> **Excerpted data**:
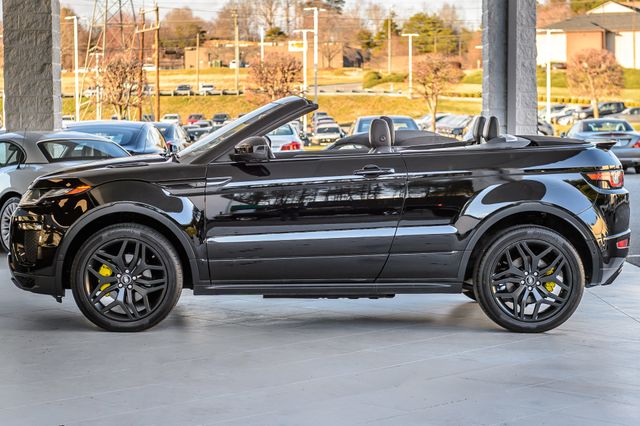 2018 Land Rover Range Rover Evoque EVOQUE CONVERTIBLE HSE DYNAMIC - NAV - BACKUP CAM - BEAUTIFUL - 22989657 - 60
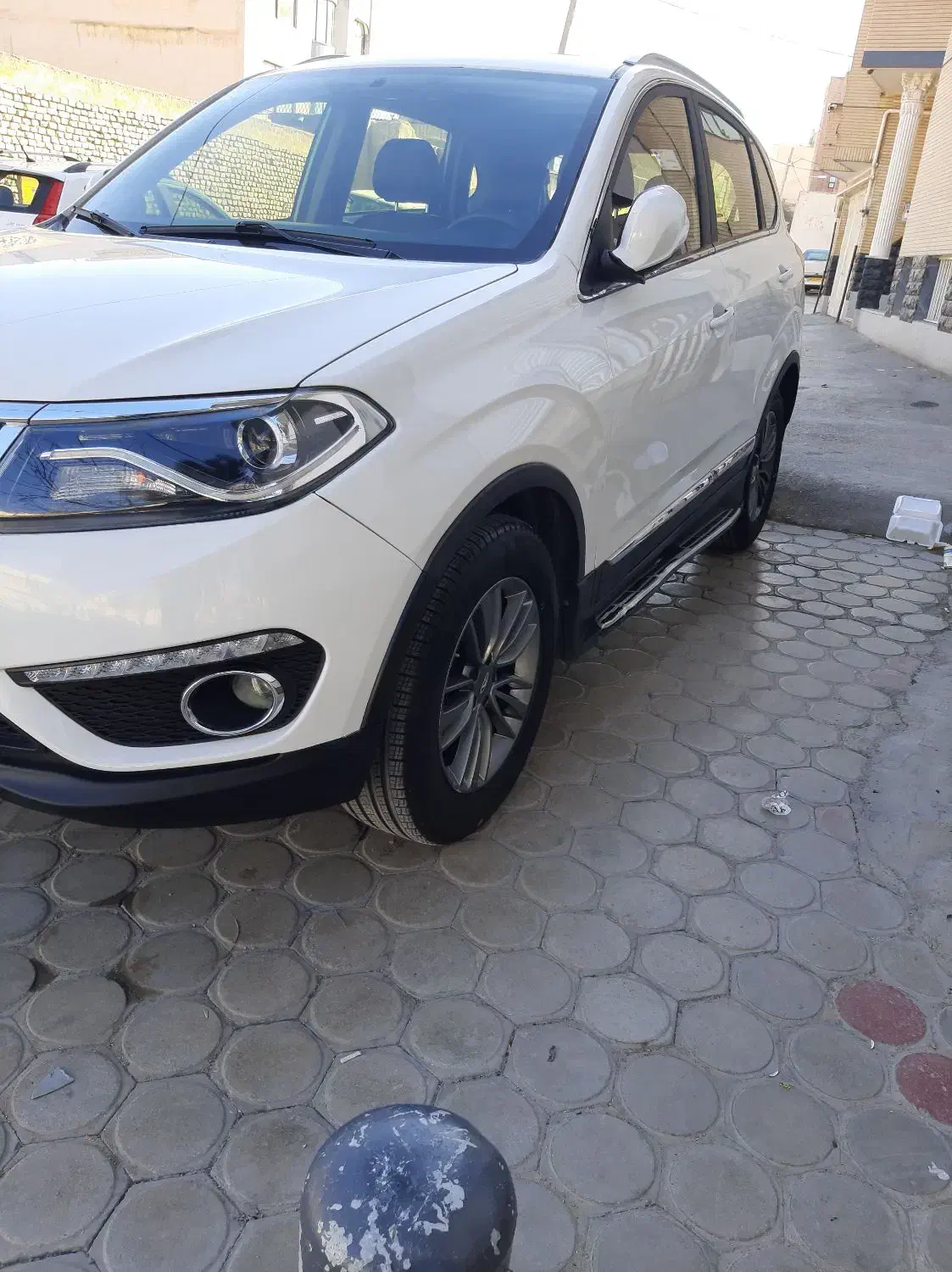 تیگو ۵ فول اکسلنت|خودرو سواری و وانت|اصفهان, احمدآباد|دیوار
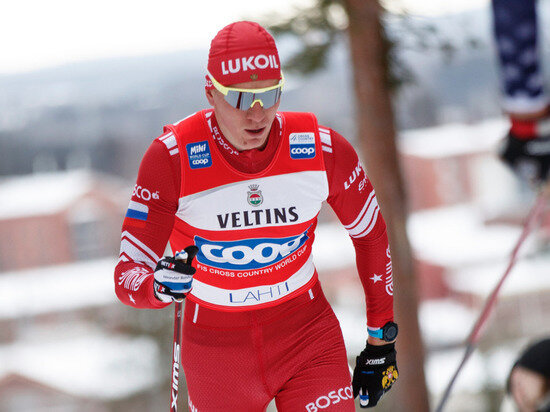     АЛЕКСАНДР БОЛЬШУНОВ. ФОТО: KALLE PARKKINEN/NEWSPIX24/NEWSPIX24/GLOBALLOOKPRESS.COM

* * *

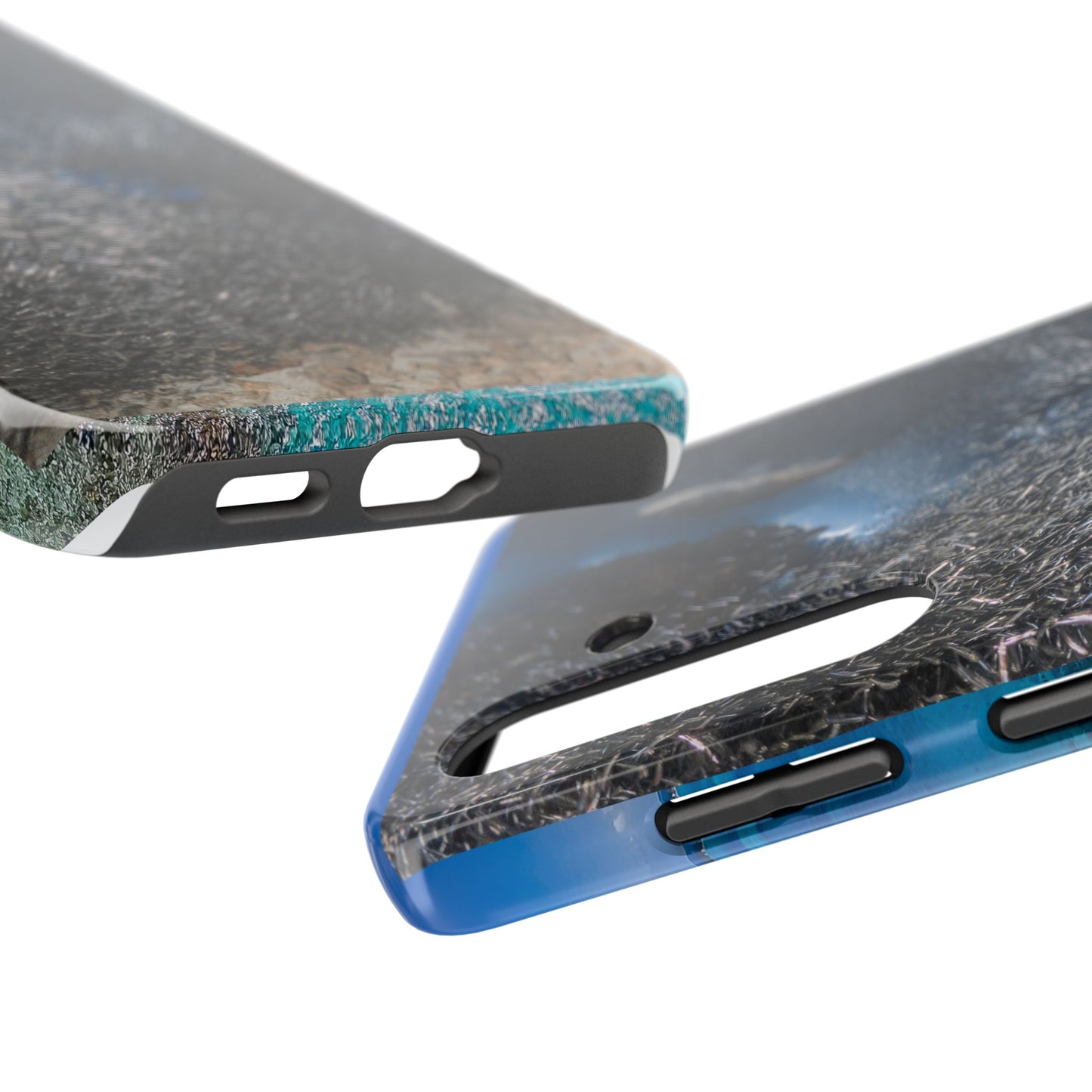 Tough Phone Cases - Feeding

...

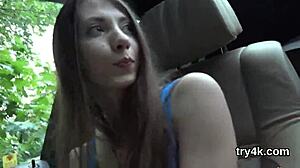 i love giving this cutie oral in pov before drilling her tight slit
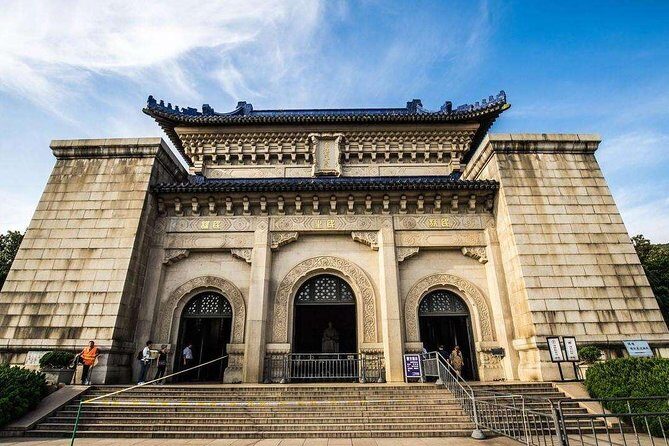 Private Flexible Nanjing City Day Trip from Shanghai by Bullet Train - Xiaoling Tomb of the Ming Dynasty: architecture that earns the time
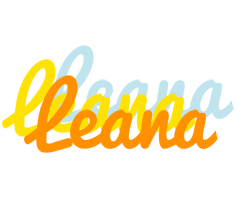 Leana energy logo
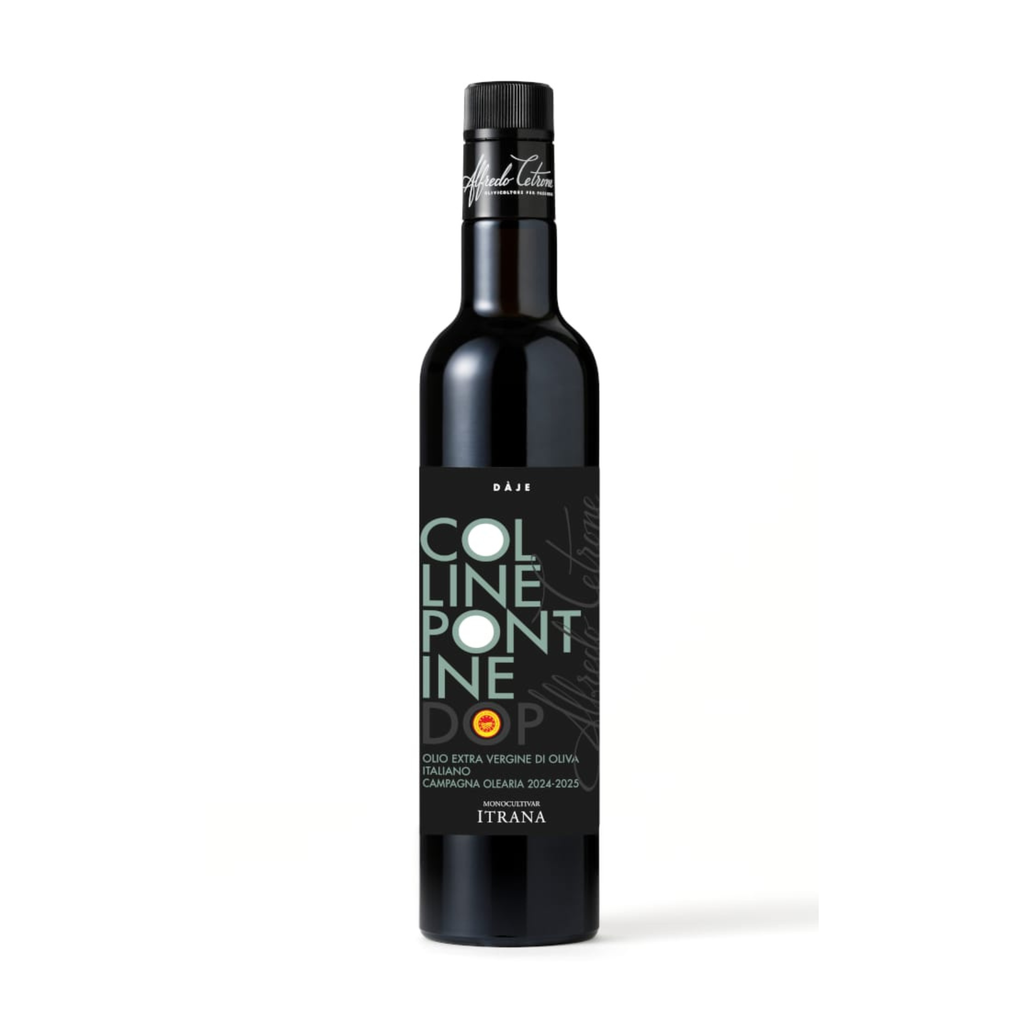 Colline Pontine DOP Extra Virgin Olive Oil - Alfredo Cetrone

> **Work instructions**:
When copying from the data above, begin at the line containing "2018 Land Rover" and end at the line containing "АЛЕКСАНДР БОЛЬШУНОВ. ФОТО: KALLE"; return those lines exactly and leave all pictures behind.

> **Result for this exercise**:
 2018 Land Rover Range Rover Evoque EVOQUE CONVERTIBLE HSE DYNAMIC - NAV - BACKUP CAM - BEAUTIFUL - 22989657 - 60
 تیگو ۵ فول اکسلنت|خودرو سواری و وانت|اصفهان, احمدآباد|دیوار
     АЛЕКСАНДР БОЛЬШУНОВ. ФОТО: KALLE PARKKINEN/NEWSPIX24/NEWSPIX24/GLOBALLOOKPRESS.COM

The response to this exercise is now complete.